The clear connection of Fiji cannibalism with religion, discovers its relation to the cannibalism practised by the Goands of India, and the Aborigines of America, who believed that the eating of human flesh was a thing in which the gods delighted. Revenge, approved and even instigated by the gods, was the great motive power which enabled the Fijian to engage in the horrible work with zest and freedom from all conscience-pangs.

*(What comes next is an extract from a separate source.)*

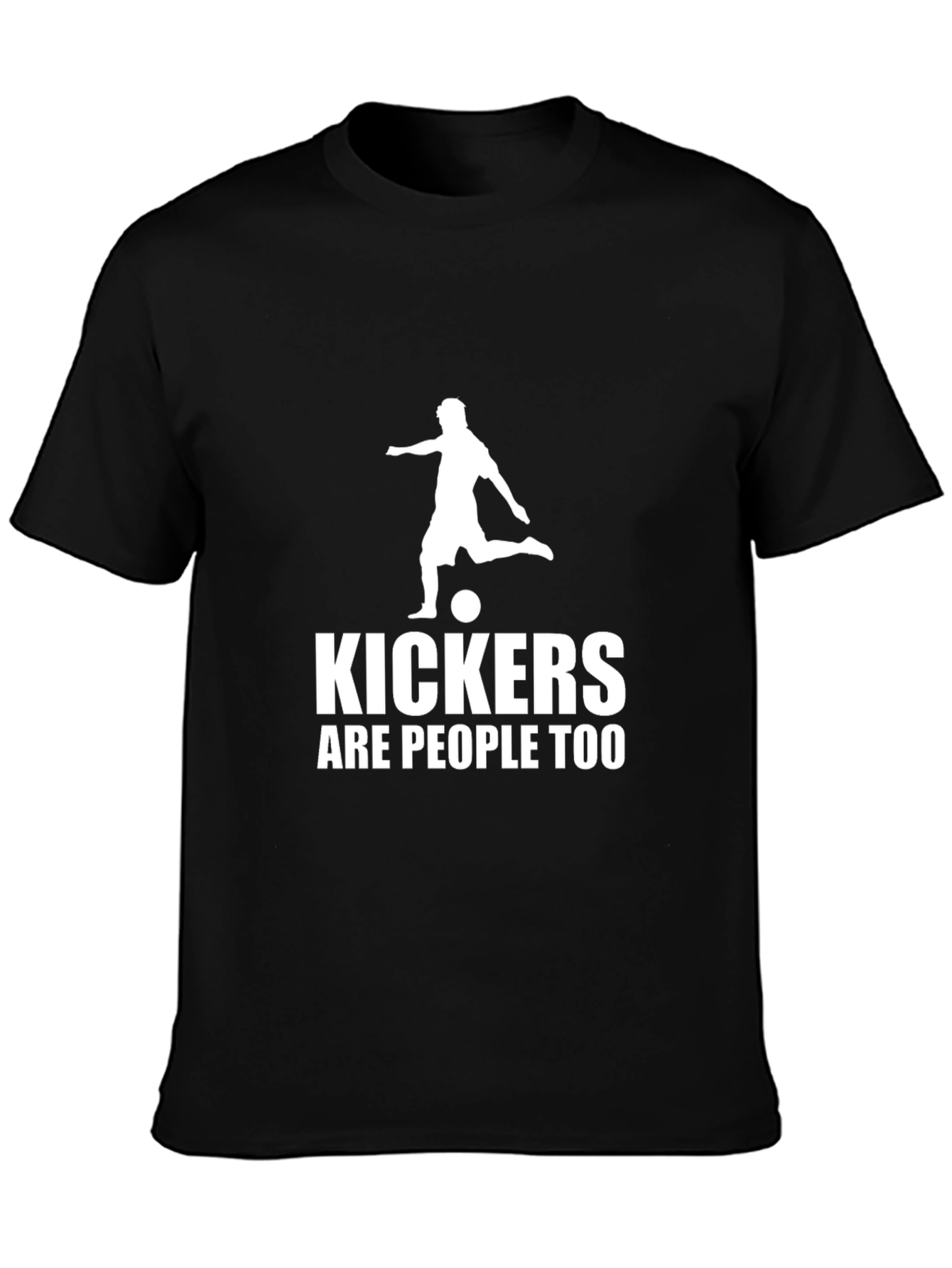 Kickers Are People Too Graphic T-Shirt - Black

While, however, revenge was in most instances the father of the thought to kill and eat, it should be borne in mind that in cases of shipwreck, revenge could have little or no part in the business, except in so far as it was mixed up in the belief of the eaters of the shipwrecked ones, which belief taught that the gods had taken revenge for offences committed by the castaway sailors.

It will thus appear that the cannibal of Fiji was rarely guilty of hunting up the innocent and those who never did him any wrong, merely to gratify his appetite for this kind of food. Such cannibalism may have been common enough among the Kookees of India, but was not so with Fijians.